TO many, it seems that the pace of change in today’s corporate reporting world never lets up. This may be true but real progress has accompanied the ever-increasing requirements and expectations of annual reports in recent years. Deloitte has been undertaking surveys of UK listed companies’ annual reports for about 20 years and the reports we see now are very different to those that were written when we started. For one thing, they’re about three times as long, averaging 135 pages.

Part of this change has been brought about by demands for more information from investors, the primary user of a company’s annual report. Sometimes it can seem like investors have an insatiable appetite for more and more information and the task of preparing an annual report is no mean feat.

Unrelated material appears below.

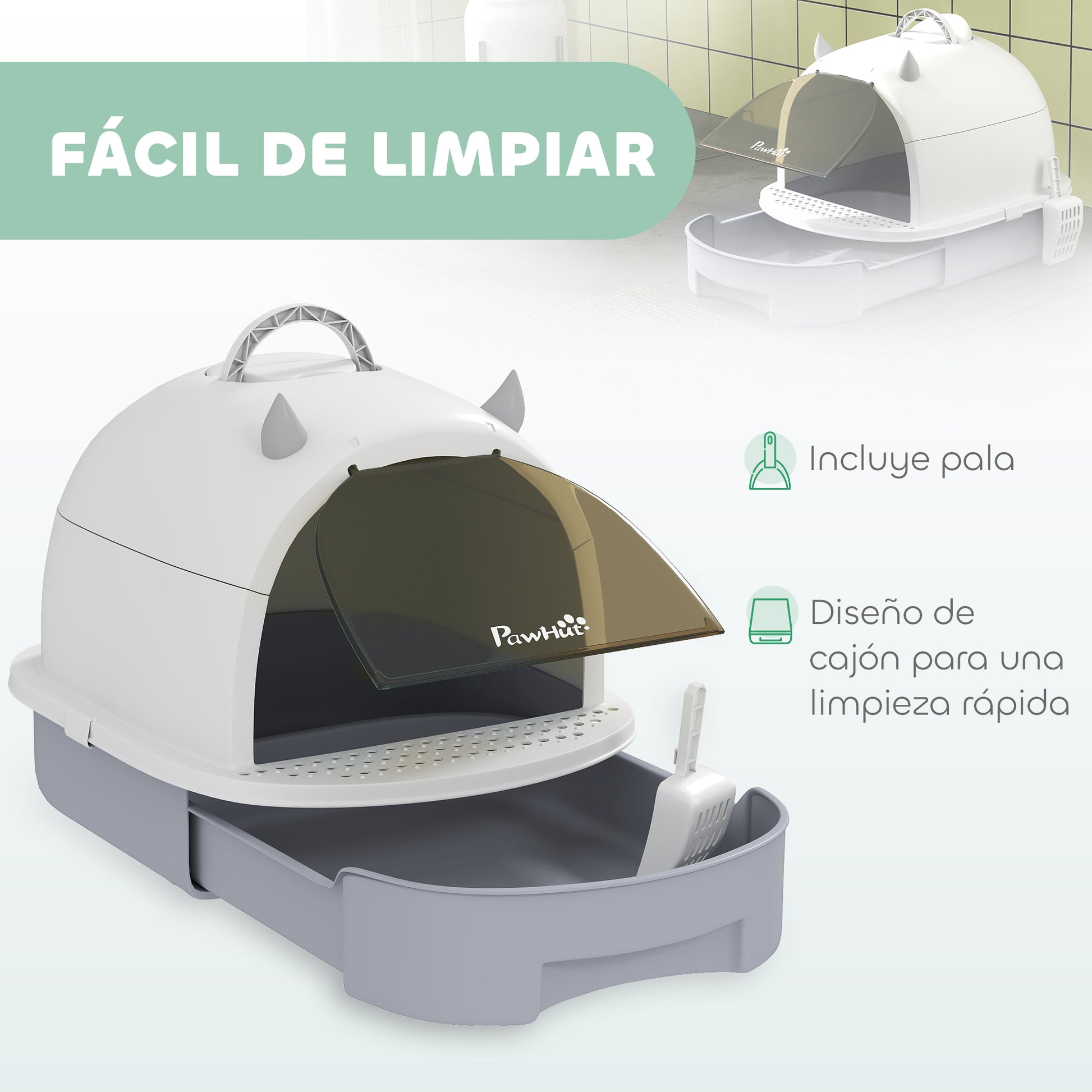 Covered Cat Litter Box Enclosed Cat Litter Pan with Removable Lid Removable Tray Carbon Filter Scoop and Top Handle 40.5x52x39 cm White and Gray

According to a survey of UK investment professionals by the CFA Society, the annual report is the most popular source of information for financial analysis. Most respondents to that survey agreed the quality of financial reporting has improved over the past decade. But a recurring concern about the “creep of seemingly unproductive and irrelevant content” in financial reports was revealed, as was a feeling that important information was omitted.

Fool’s errand

Mechanisms to collate and communicate such concerns have been strengthened in recent years, with institutions such as the Financial Reporting Council’s (FRC) financial reporting lab liaising with the investor community to develop an understanding of what they want to see in reports. To an extent, materiality is in the eye of the beholder and inevitably there will always be room for improvement and requests for information that hasn’t been provided. But there is an unmistakable appetite in the preparer community to develop useful, and not just compliant, annual reports.

For example, this year almost half of the companies in the survey provided net debt reconciliations or similar and 40% provided insight on the level of distributable reserves despite there being no legal requirement to do so. Both these pieces of information have been cited as useful by investors.

Admittedly, there is a spectrum, with some preparers still aiming to achieve little more than a technically compliant report. This tends to be more of an issue in smaller companies, which have fewer resources to devote to report preparation and, in some cases, believe that investors pay little attention to their reports. The FRC has repeatedly sought to encourage smaller quoted companies to improve their reporting in recent years, acknowledging that generally they achieve a good standard. However, the areas where they fall short tend to be areas that investors are particularly interested in. For example, talking about the good and the bad in the strategic report.

Endeavouring to provide all the information that anyone might ever find useful is a fool’s errand, and this is where materiality and the FRC’s umbrella initiative of clear and concise reporting comes in. Regulators have been promoting the idea of cutting immaterial disclosures throughout the report for some time now, but preparers tend to be cautious and would often rather not have to justify omissions. Interestingly, this year’s survey saw 16% of companies undertaking pre-emptive strikes, explicitly stating that certain disclosures had been omitted on the grounds of immateriality.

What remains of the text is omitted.